The potential for wearable technologies to revolutionise how we deliver healthcare is huge. Peer-reviewed evidence suggests that the data on heart rate, sleeping patterns and diets linked to the patient record is valuable for early intervention or management of long-term conditions.
For the Dorset Epilepsy Service, part of Poole Hospital NHS Foundation Trust, wearable technology is an essential part of a new project that is transforming the way we deliver care services to support patients with this serious neurological condition. This will, we hope, provide more timely support and guidance to our epilepsy patients, helping to reduce common challenges they face such as loss of independence and isolation.
Improving seizure-free rates
Managing epilepsy is a complex process but with the right treatment, around 70-80% of patients could be seizure-free, building on the current rate of about 50%.
Our challenge is to determine who, from an initial seizure, is likely to go on to experience more epileptic episodes. But the current system has its flaws. Some people will have further seizures after their initial assessments, in some cases just after we’ve seen them, and will neither be admitted nor contact their GP or specialist. Given the period between follow-ups, this means they could go for months without medication or consultation, when with notification there would have been an opportunity to intervene sooner.

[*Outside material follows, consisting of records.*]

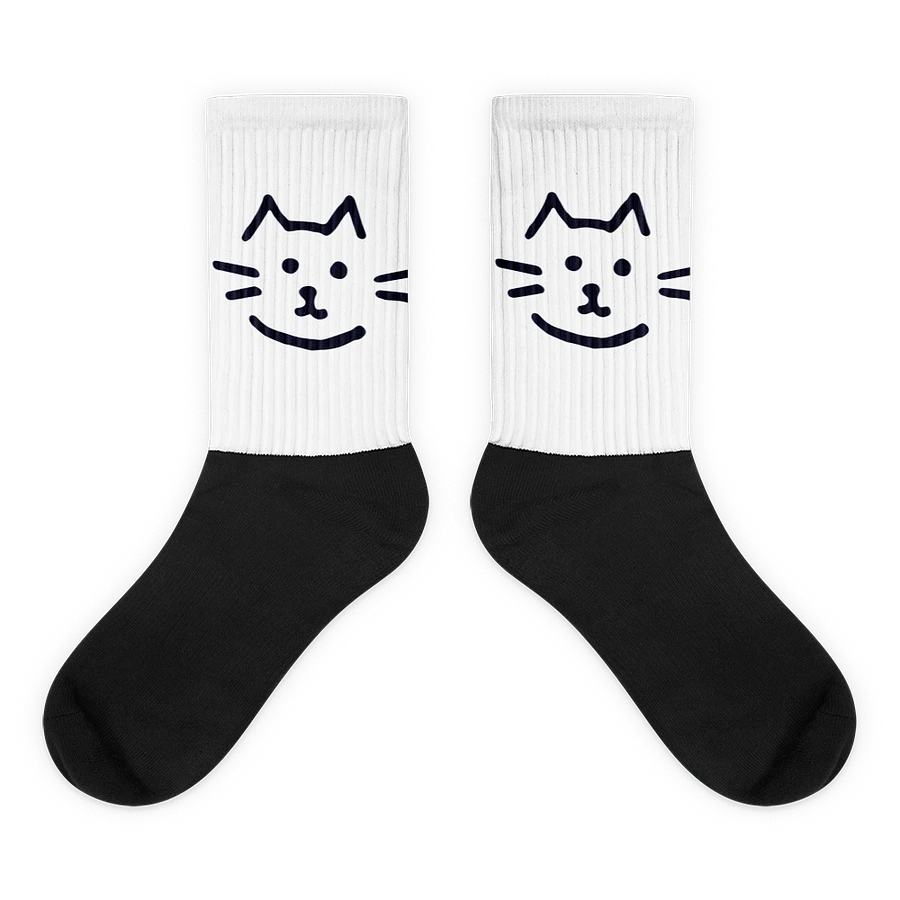 Black Foot Sublimated Socks product image (1)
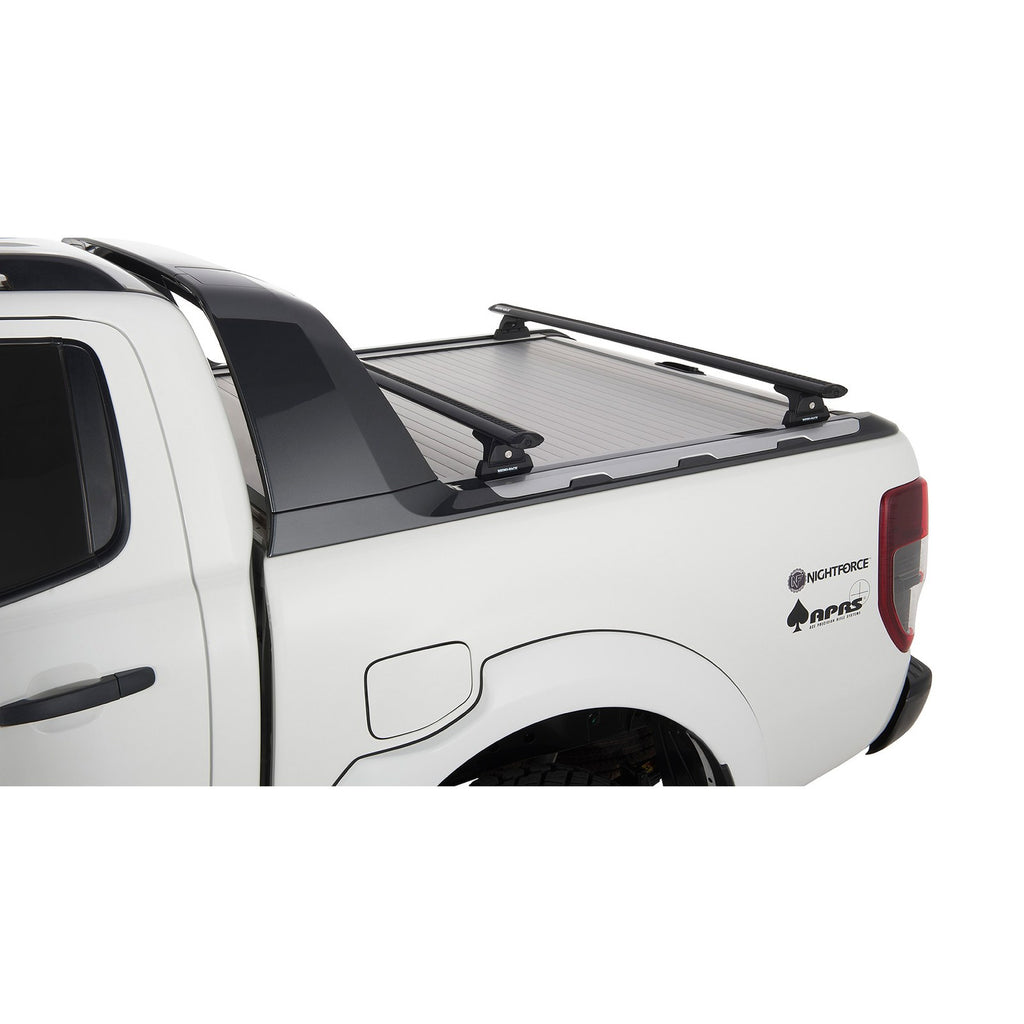 Kit 2 barres de toit Rhino-Rack Sportz RLT600 1500mm – Ford Ranger Wildtrak T6/T7/T8 (2012-2023) – vue 4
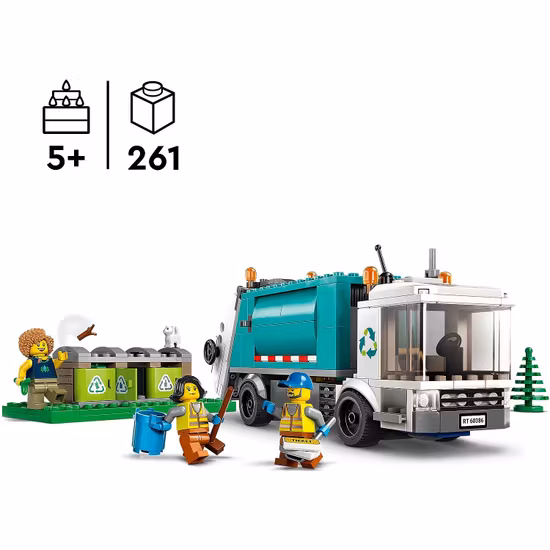LEGO City Great Vehicles 60386 Återvinningsbil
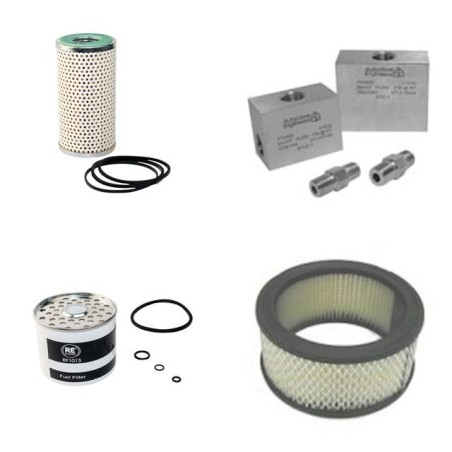 COMPAIR-HOLMAN WR 85/WR 100 S Filter Service Kit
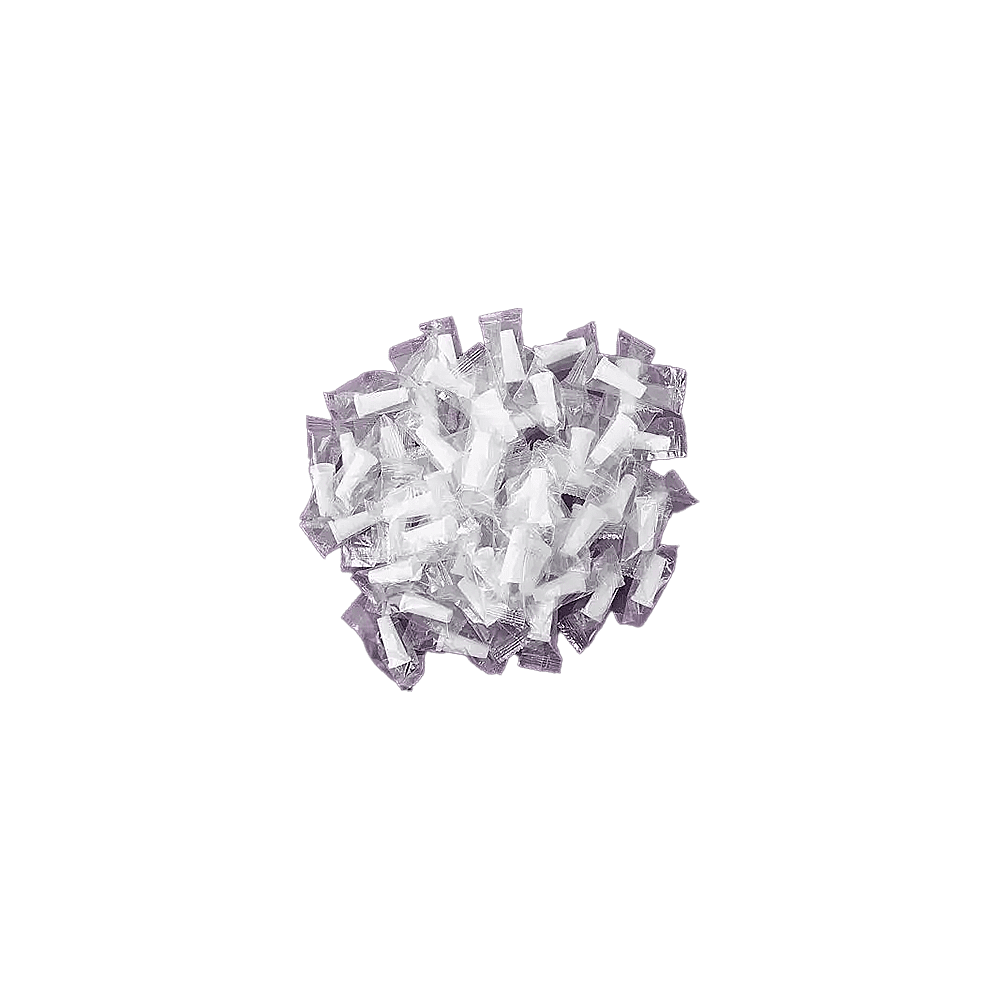 Мундштуки одноразовые VM 100 шт (белые)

Medical devices currently used to detect seizures are often overly sensitive, causing many false alarms
On the other hand, we have epilepsy patients who are embracing wearable technology to alert families, friends and carers as soon as a seizure is detected. This is can be positive for allowing early interventions, but medical devices currently used to detect seizures are often overly sensitive, causing many false alarms that place strain on the NHS.
The result is unnecessary outpatient appointments, ambulance calls or emergency department visits to assess the patient in more detail. The net effect is that clinicians are put under additional pressure to rapidly assess more patients, because of false alarms generated by the technology.
A new model of care for specialist services
As a specialist service we recognised the need to become more responsive to the individual patients. Rather than relying on routine appointments, we set up a telephone and email advice line to make it easier for patients to tell us when they have problems. Fewer routine appointments have meant greater availability and an ability to react to individual’s needs.
But it became clear that we needed better access to accurate, complete patient information, combined with our specialist knowledge at the point of care to best serve the needs of our epilepsy patients.
We have since undertaken a project that uses an app to collect information from wearables, smartphones and clinical portals and integrate it with a patient’s clinical record. Our team is using a system called myCareCentric Epilepsy, from clinical software provider Graphnet, to create an enhanced record that is shared in real-time with patients and clinical teams across a network of expert care.
This gives us the ability to respond rapidly to changes in seizure frequency and potential medication side-effects, meaning that patients may become seizure-free sooner and with fewer visits to the hospital or GP surgery.
For example, the automatic notification of patients with epilepsy being admitted to the hospital, either with seizures or unrelated problems, has allowed our epilepsy care team to proactively advise the admitting team. In a number of cases, this has significantly reduced the length of stay for those patients as well as provided an opportunity to more quickly improve their seizure control.
A model for the future
It’s difficult to know where wearables are going into the future, but I think they will eventually be built into clothing and devices that we purchase and use in everyday life. From a clinical perspective, this is where a big data approach to patient-contributed records could potentially become quite interesting.
We believe we have created a model of care that will help to reduce costs and improve the treatment of the condition
But the most immediate impact will be challenging the current way of delivering more tailored and personalised care to epilepsy patients. Once we have laid the foundations for this new model of care, we can start to introduce new methods of communication to reduce the need for face to face consultation. Skype calls, for example, could be used to replace journeys by our clinical teams across areas of our county affected by poor roads, or for patients who cannot drive because of their seizures. It opens up a whole range of different ways to manage patients who historically have not been a priority in commissioning services to the same degree as those with cancer or stroke have been.
As we go through our evaluation of the project, we believe we have created a model of care that will help to reduce costs and improve the treatment of the condition. We have built this with scope and scalability in mind, to be a model that can be replicated across the NHS for better, safer patient care and a sustainable future.